So, the other week I found out that a client I work with is a Holocaust survivor.
She's short and in her 90s and I'd known her a bit from different shifts, and she mentioned something about her (Hungarian) husband's past at one point when we were chit-chatting, and so I asked her how they met.
"I was in the Holocaust," she began, "And I lost all my family."
And, that's how the story started.
After she got out of the concentration camp, she didn't know what to do, she was all alone, but she knew of some distant relatives in Budapest, and so she wrote them, telling them what happened, and that she didn't have anyone.
Her husband knew them and heard of her through them, and he had lost all of his family, too.
"I would like to write that girl," he said, and so he got permission from her relatives and her address and they began writing, and they wrote and they wrote and they wrote and they wrote and shared everything with one another, and they "truly understood one other," and at one point he shared a photograph, and he proposed marriage and she accepted, and then he went to meet her in Paris, where she had ended up on her way to the United States.

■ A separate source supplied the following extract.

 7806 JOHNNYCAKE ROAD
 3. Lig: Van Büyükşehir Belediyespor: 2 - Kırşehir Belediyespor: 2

"So where did you meet him for the first time?", I was like.
"At the train station," she was like.
"But how did you find each other?", I was like.
"We wrote and agreed to wear something and the other knew," she was like. "I had a dress and I wrote him, and that day I put on that dress. He wrote me, he will wear a dark grey coat, and a carnation."
Then, she was like, "That day, I saw a man in a dark grey coat and a red carnation, and it was far, but he was so ugly. I was upset, but I told myself, 'He is beautiful, and you can learn to love him.' And I waved, and he waved, and I came closer, and he was so ugly...
"Then, out from behind him stepped another man, in a dark grey coat and a carnation, and it was [her husband's name], and that is the first time I saw him."
Then, her husband said they would go to the visa office, and they talked to the officials and he got her an extension, and they stayed in Paris for two weeks "and that was our honeymoon."
Through a Jewish charity group, they stayed in an awful boarding house and had one meal a day, "and we were as poor as church mice, and so happy," she said.